- Subsidised tickets offer good value for money
- But fans complain about high food prices
- Family feel to future-focused event
Bella Raey. Nettie Honeyball. Helen Graham Matthews. Lily Parr. Gillian Coultard. Sylvia Gore.
For those new to the women’s game in England, these names will be unfamiliar to you. But each of these women is a pioneer in a sport that has enjoyed as long and storied a history as the men’s game, but with arguably more controversy and intrigue.
In her excellent book ‘The Roar of the Lionesses’, Carrie Dunn corrects a few myths about the women’s game, starting with the belief that it only really got started in England when the Football Association (FA) took control of it in 1993. In fact, women’s football was a popular alternative to the men’s version of the sport as far back as the late 19th century.
Grounds like Everton’s Goodison Park saw 53,000 at a women’s game one Boxing Day in 1920 and crowds in the tens of thousands were not uncommon elsewhere. But all that stopped when, after warning men’s teams not to play against women in 1902, the FA finally banned women’s football outright in 1921, saying that “football is quite unsuitable for females and ought not to be encouraged.”
Happily, these are different times and the FA is determinedly pursuing a strategy aimed at doubling female participation in football by 2020. To my eyes, at least, it seems to be working. At a recent Durham Women FC game, I watched 200 young girls play in a pre-match tournament before a Spring Series game that attracted 561 spectators – and this for a club that was only founded four years ago.
So being present at the showpiece occasion of the domestic women’s game – the SSE Women's FA Cup Final – was going to be difficult to resist. I bought my tickets.

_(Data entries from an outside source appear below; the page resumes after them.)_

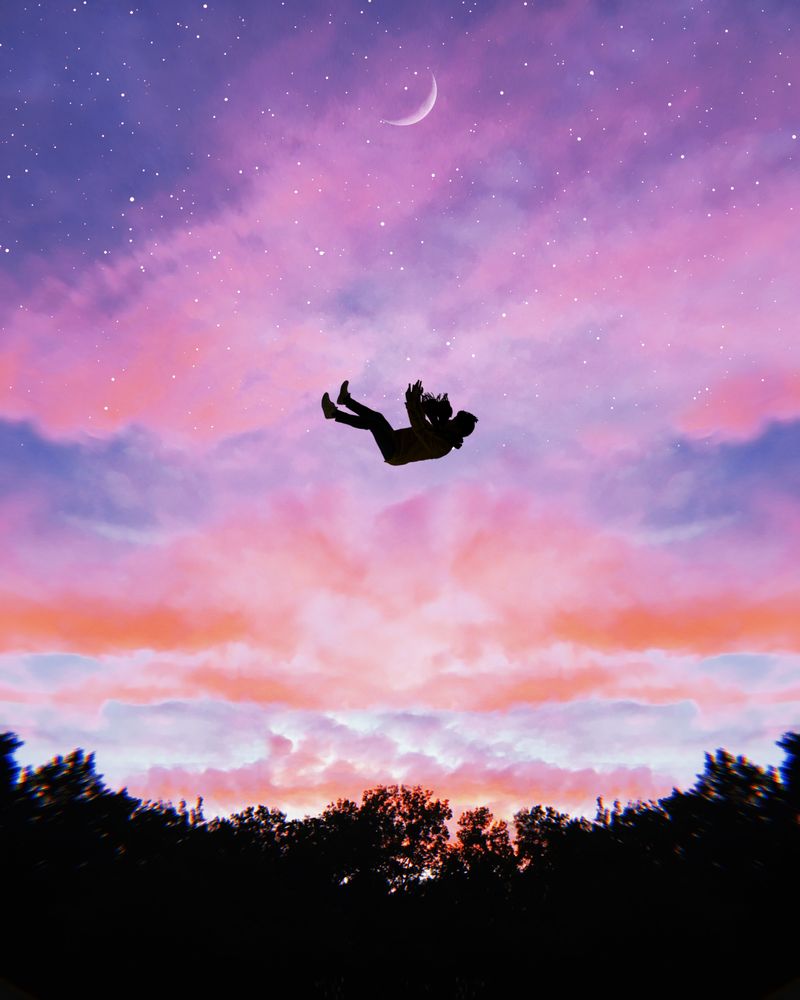person falling from the sky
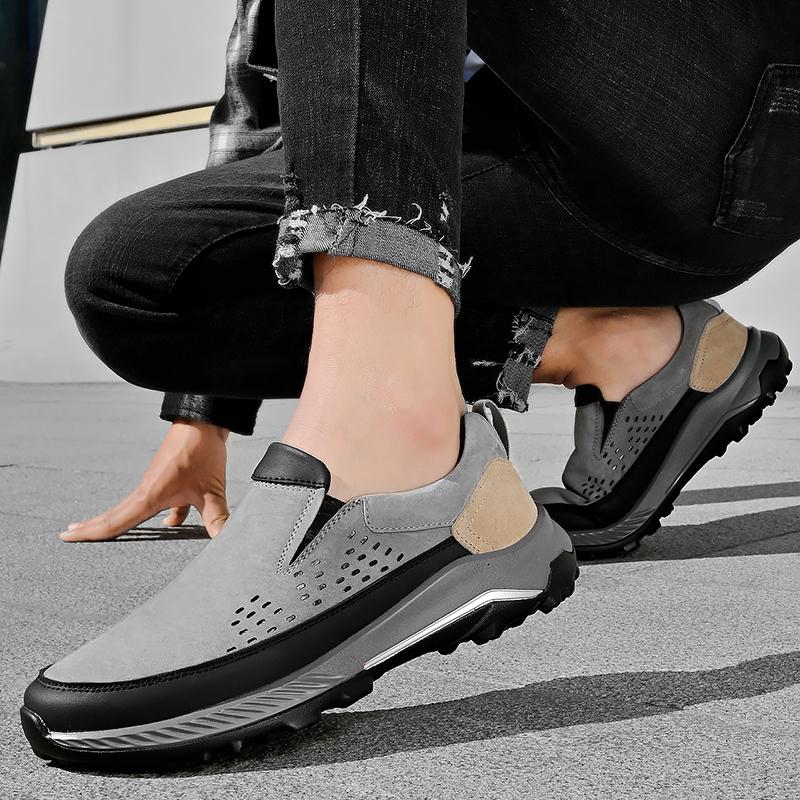 Men Breathable Casual Shoes Outdoor Plus Size Fashion Sneakers Lace-up Split Leather Comfortable Walking Sport Shoes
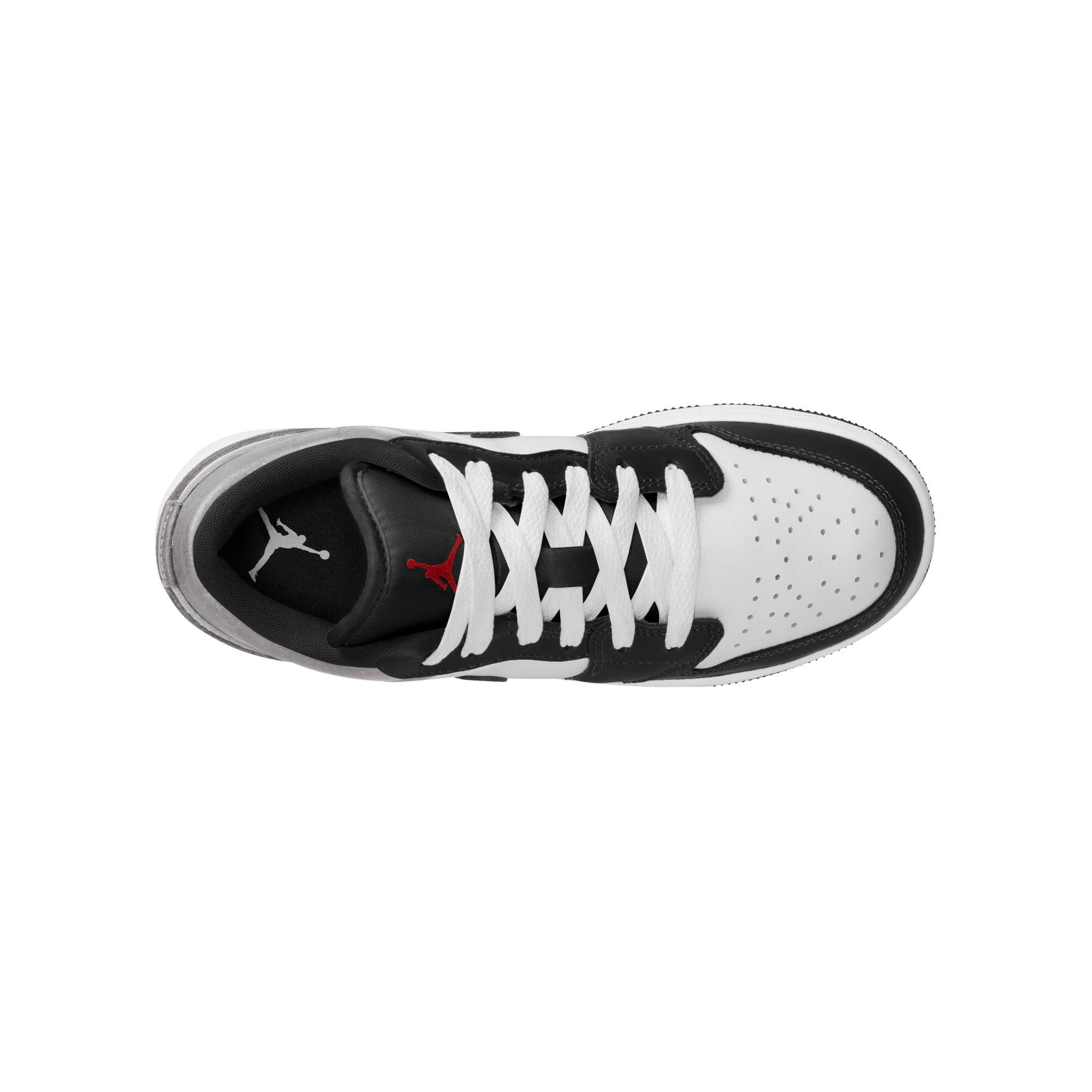 Jordan 1 Low SE Grade School Boys' "White/Fire Red/Black/Matte Silver" Shoe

PICTURE: Wembley Way (Mark Bradley)
As a friend in the men’s game told me recently, price is not a strong driver of attendance and support, but if it’s pitched correctly, it can lead to people coming without skepticism and with open minds. If this is true, then the cost of £15 (€17.70/$19.40) for an adult to attend the biggest fixture in the women’s domestic game (subsidised by FA partner SSE) represents fantastic value for money, especially when kids come for free and concessions cost a fiver.
Looking back, I noticed that the attendance at the first SSE Women’s FA Cup Final to be held at Wembley in 2015 was 30,710, but this increased to 32,912 a year later. For my first experience of the showpiece occasion of the game, I was among more than 35,000 fans – definitely ‘suitable’ and certainly ‘to be encouraged’.
I was planning to drive to Wembley Stadium, but as the cost of parking (£20) was more than the match ticket itself, I opted to park in Harrow, where I used to live, and use the Metropolitan Line to take me on London Underground to Wembley Park station, with the famous view up towards the stadium.
PICTURE: Outside Wembley Stadium (Mark Bradley)
Walking up Wembley Way, I was struck by how different the pre-match atmosphere was from previous visits (when, on one occasion, I was in danger of being struck by another fan). But on this occasion the presence of dozens of girls’ football clubs, coaches and parents, lining up for photos, conveyed something of the USP of the women’s game.
I watched one family, with two young girls, step through the barriers at Wembley Park Station. The youngsters were stopped in their tracks by the view ahead of them. I watched another, half way along, just standing and staring. It took me back to my first trip to Sunderland’s old stadium, Roker Park, with my dad back in 1969. I’ll never forget the noise; the smells of the onions frying and the odd Capstan Full Strength cigarette. However, what I remember most of all is my first view of the pitch: the ultimate in greenness. My love affair started that day and I could see those same life-enhancing moments happening around me as I completed my journey from the Tube station to the turnstile.
I bought a programme at one of the huts. At £4 this was much more affordable than the usual ‘big game’ magazine. Although smaller in size (A5 rather than the usual A4), the content was focused with four pages dedicated to the very youngest fans and, pleasingly, a lot of depth on the FA’s strategy and support for the women’s game: ‘doubling participation levels’ standing out again.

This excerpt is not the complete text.